ロックミシンには、2本糸ロック、3本糸ロック、4本糸ロック、5本糸ロックがあります。

家庭で使われるのは2本糸ロック、3本糸ロック、4本糸ロックです。

糸の本数が一本増えるごとに、働きが加わります。

2本糸の場合は、表から見たかがり目は既製服の状態とあまり変わりませんが、裏面を見ると少々物足りなく、どちらが表に出る面かを考えながらロックをしなければなりません。
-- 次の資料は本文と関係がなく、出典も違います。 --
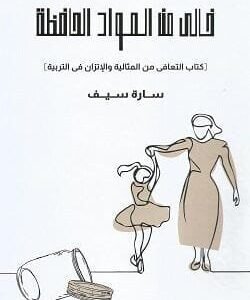 import placeholder for 35494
(左画像)

3本糸は裏面もきれいなかがり目なので表裏は考えずにかがれます。

4本糸は中の1本が地縫い(縫合のための直線縫い)の働きをし、通常の直線縫いをしなくてもロックだけで2枚の布の縫合と端かがりが同時にできるというものです。 縫った部分は伸ばしても糸が切れませんのでカットソー(トレーナーやTシャツ類)には便利です。 
普段着、部屋着までなら楽しめるでしょう。 外出着としては少々縫い合わせ部分が不安です。 心配しながら着るより やはり直線ミシンで一本地縫い(直線縫い)をした方が安心でしょう。

4本糸ロックミシンのみでニット服を作る教室があります。 ロックミシンの販売(普及)目的も兼ねています。
その流れから「ニットは4本糸のロックミシンでなければ縫えない」と勘違いしている人が多いようです。 確かに縫った部分は伸び、ニットに適していますので、ロックのみで仕上がる服はあります。
でも、「ニットは4本糸ロックでなければいけない・・・」ということではありません。

ソーイングレッスンでは、Tシャツトレーナー、ニットセーターなど、どんな伸縮素材でも直線ミシンで縫合し、縫い代にロックをかけて服に仕立てています。 縫い方の注意やこつはありますが、4本糸のロックミシンだけで仕上げるより縫合部分がしっかりし、服自体の高級感が出ます。 縫い代の端かがりは、3本糸ロックで行います。
この方法なら、分厚いニットでは縫い代を割ることができますので、「製品」として価値が高まります。

 ロックだけで服を作る場合は、縫い代は片側に倒します。 布に段差ができます。 布の厚さによっては商品としての価値を落とす場合があります。 特に商品として販売する場合(既製服やオーダー服など)は注意しましょう。

 当教室では4本糸ロックミシンは糸を1本抜いて3本ロックとして使用しています。(右参照)

糸を4本揃える必要なく3本で済むという点でもリーズナブルです。

5本糸ロックミシンは、4本糸ロックに地縫い用の糸をもう一本追加した物で、3本で端かがり、2本が地縫いという働きです。 これは工業用として使われ家庭用にはありません。

色々使ってみた私の感触では、「3本糸ロックで充分」という結論です。

 近年3本糸ロックの製造を中止するメーカーが出てきています。 4本糸ロックの販売に力を入れた結果でしょうが、服作りでは3本ロックで充分なところ、この状況は残念です。 
4本糸ロックを買った場合も3本で使用することができますので用途に合わせて本数を調整しましょう。

<注意> 家庭用ミシンにロックミシンの機能を内臓した物が販売されています。 「くるっと返すとロック、戻すと普通のミシン」という物ですが、家庭用ミシンの項目でも触れた様に、機械に機能を追加すれば追加するほど肝心の働きがおろそかになり故障も多いものです。


自動糸調節について

ロックミシンでも糸調節が自動のものがあります。 自動はやはり魅力です。 機械が設定した糸加減で変えることはできませんが、多くの生地では問題ありません。

調整ができないと言う点では、特に商品製作など仕事として使用する場合に生地によっては困る場面もあるでしょう。 微調整ができるダイヤルが付いたものが安心でしょう。

又、使用する糸は指定の糸に限定されます。 指定以外の糸は糸調子が揃いません。 
たまたま不要な糸などが手元にあって、ロックに使っちゃおう・・・ということがあります。 調整ダイヤルが付いているものでしたら、不要な糸を利用することができます。

ダイヤルが付いたものは、毎回糸を調整しなければいけない・・・と心配する方がいますが、ロックは一度調整すれば、調整ダイヤルを使用することはほとんどありませんのであまり心配することは無いでしょう。